6.Windows updates are free.Btw are apple update’s free?
APPLE UPDATES ARE FREE you moron. the UPGRADES ARE NOT!!
7.Intel processor’s will kill apple’s(IBM)chip.The Intel prescott will be released soon.Go to these website’s.
This is all hearsay and you can’t make a judgement on something that hasn’t been released yet to compare with something els that hasn’t been released yet either. I can tell you thet even the G3 (7300) chip is still more eficient in its processes than even the P4 right now. So while your 2Ghz P4 is sucking power away We will be easing the little cash out of our pockets to pay our electric bills to perform at just the same rate. and any how, how fast does it really need to be any way. Most people with computers just type!
High prices are killing Apple.
That is the one trend Apple has ignored for a long time and now is only giving lip service to lowering prices. Meanwhile, Apple loses more and more global marketshare every day.
Apple has to realize that cost of entry is far more important for most buyers than the mythical TCO numbers that are bandied about. If a buyer can’t purchase the machine, it is game over for Apple; they just lost that sale.

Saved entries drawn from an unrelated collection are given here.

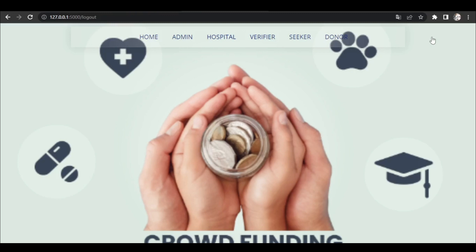This is the Crowdfunding website. I hope you guys all understand. Thank you.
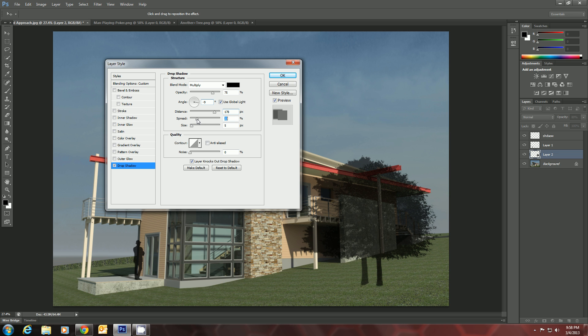The spread will make it bigger and fuzz it out a little. The size will actually blur it just a little bit more. And that's about good.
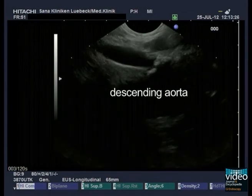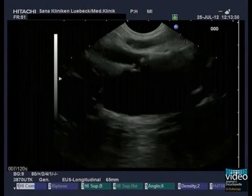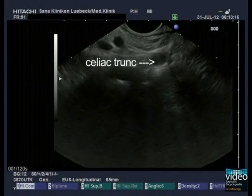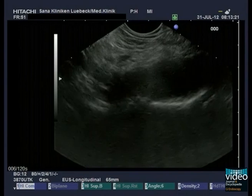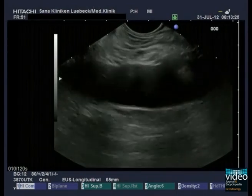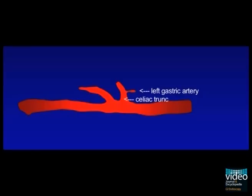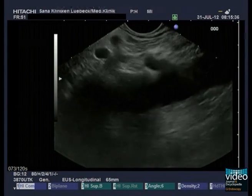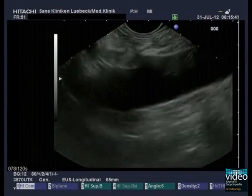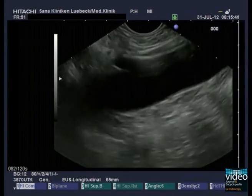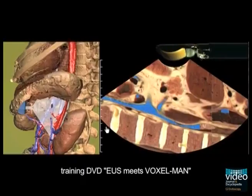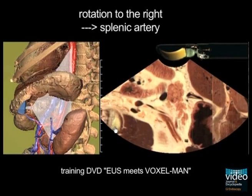Following the descending aorta, you will find step by step the vessels along the abdominal aorta. First, the celiac trunk with the common hepatic artery, splenic artery, and left gastric artery is visible. Because of the anatomical position of the celiac trunk, only the main trunk and the cranially running left gastric artery can be depicted in front of the aorta. To follow the common hepatic artery or the splenic artery, a rotation to the left or respectively to the right is needed.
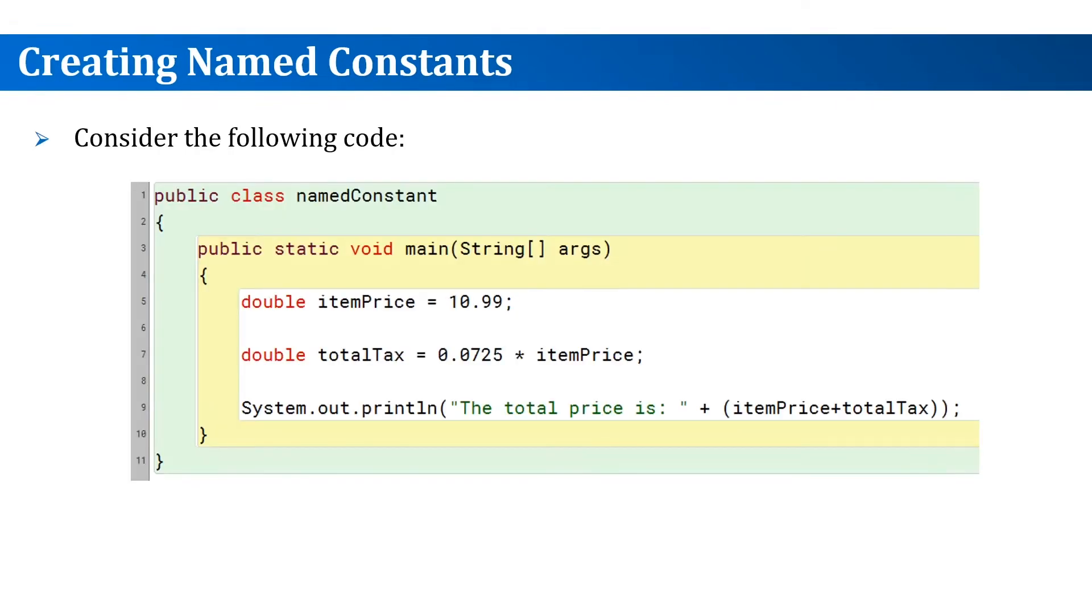In this video we will learn how to create and use named constants in Java. To understand what we mean by named constants, consider the following example. If we read the code, we would probably be able to make some sense out of it.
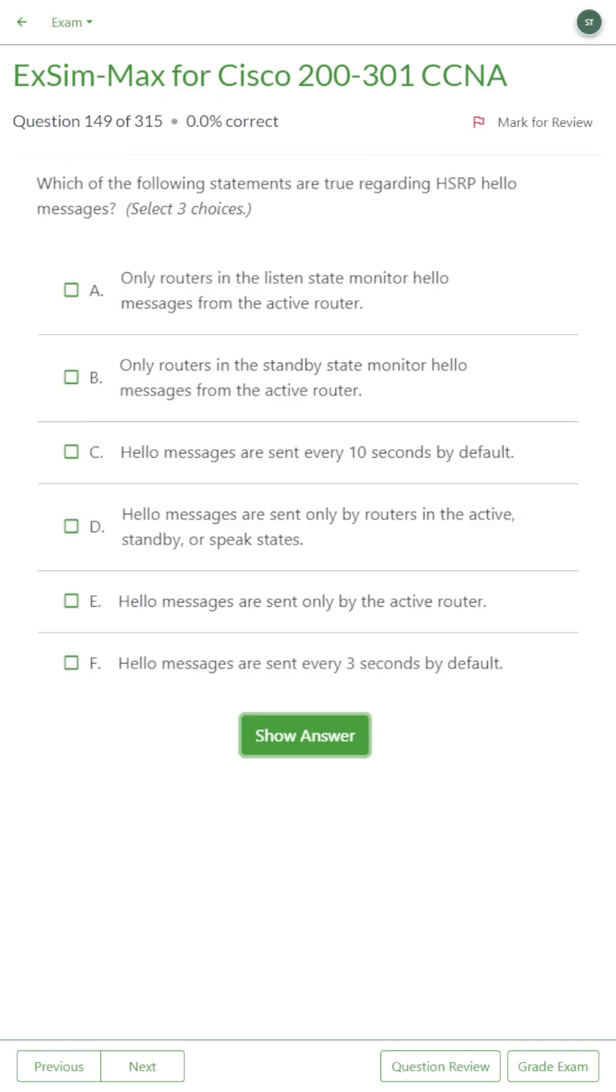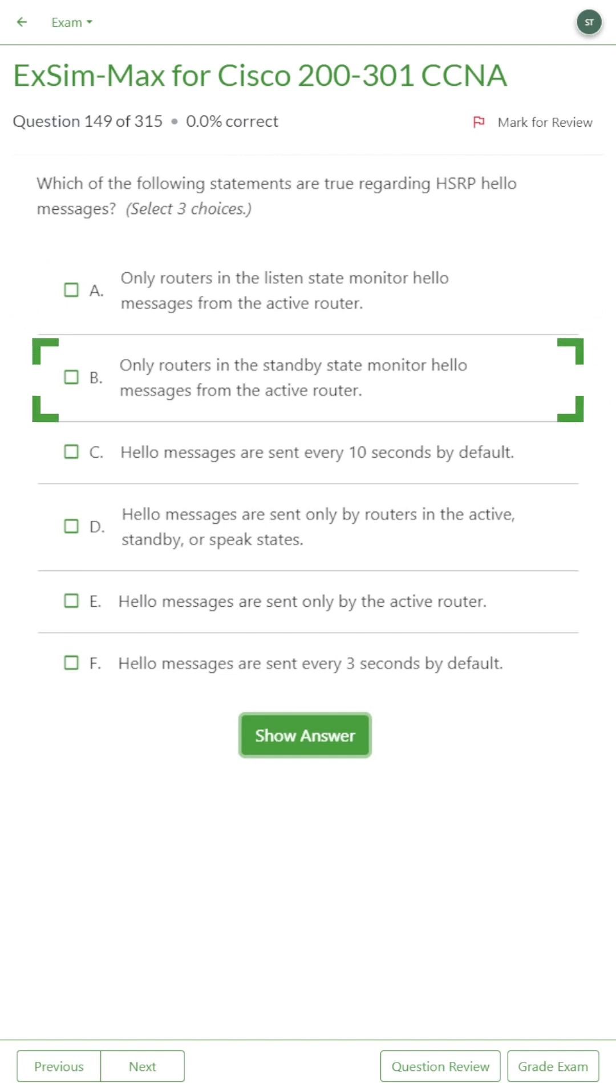Okay so number one on our list. Which of the following statements are true regarding HSRP hello messages? A. Only routers in listen state monitor hello messages from the active router. B. Only routers in the standby state monitor hello messages from the active router. C. Hello messages are sent every 10 seconds by default.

Everyone in the world is becoming more and more budget conscious. Apple should seriously think about creating affordable computers that are not spavined in one way or another.
–ms
I go to college and two of my friends just bought a laptop. One of them is a $3000 15″ Mac and the other one is a $2000 15″ dell.
Speed: The dell is faster, but my friend with the mac doesn’t care.
User Friendlyness: My friend with the Dell was able to configure his wireless card in 15 minutes, and he is able to surf the net at school. My other friend still doesn’t have his wireless card working after 4 weeks.
Screen: The dell has a brighter screen with a better viewing angle, and a MUCH higher resolution. The vertical resolution of the mac is 800+ pixels while the dell has a 1600×1200 screen.
Price: I don’t know about you… but a $1000 is a lot of money saved for me.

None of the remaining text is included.